Schnegelsberg destaca que o impacto é desproporcional:
“Nos últimos três a quatro anos, o mercado total de cannabis medicinal na Dinamarca movimentou cerca de 60 milhões de coroas por ano. Deste valor, uma única farmácia absorve quase metade — o restante é dividido entre todas as outras empresas.”

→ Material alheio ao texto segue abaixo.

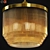 Zagg Ceiling Lamp: Innovative Design 3D model small image 1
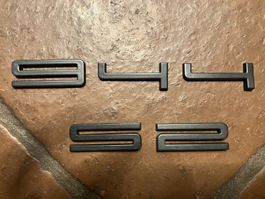 Logos originaux Porsche 944 S2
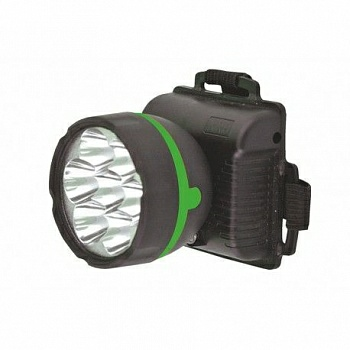 Фонарь Ultraflash 909LED7 (фонарь налобн, черный, 7LED, 1 реж, 3XR6, пласт, коробка) (Россия) Фонарь Ultraflash 909LED7 (фонарь налобн, черный, 7LED, 1 реж, 3XR6, пласт, коробка) (Россия)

Ele critica ainda o fato de produtos magistrais competirem diretamente com os do programa-piloto, o que seria ilegal segundo a própria Agência Dinamarquesa de Medicamentos. A legislação afirma que farmácias só podem produzir medicamentos magistrais para atender necessidades terapêuticas específicas que não podem ser supridas por produtos já comercializados.

 

O que esperar do futuro?


Apesar de todos os desafios, há um fio de esperança. A versão final da L135 não altera regras fundamentais do programa, como a que permite apenas um pedido de aprovação por vez — algo que limita fortemente a diversificação da oferta no mercado.

Outros pontos de crítica incluem a falta de orientações para pacientes sobre o uso de cannabis e direção de veículos, a ausência de formação médica específica e lacunas na orientação clínica.

Segundo Rasmussen, “parece que o objetivo nesta primeira fase foi garantir que o modelo atual fosse mantido — principalmente para não interromper o tratamento dos pacientes quando o programa-piloto expirar, no fim de 2025.”

Schnegelsberg conclui que a nova lei dá ao Ministério da Saúde “plenos poderes” para fazer ajustes, estabelecer diretrizes e definir novos requisitos. Departamentos da pasta e da agência reguladora já estariam incumbidos de revisar essas questões até o lançamento oficial do novo sistema.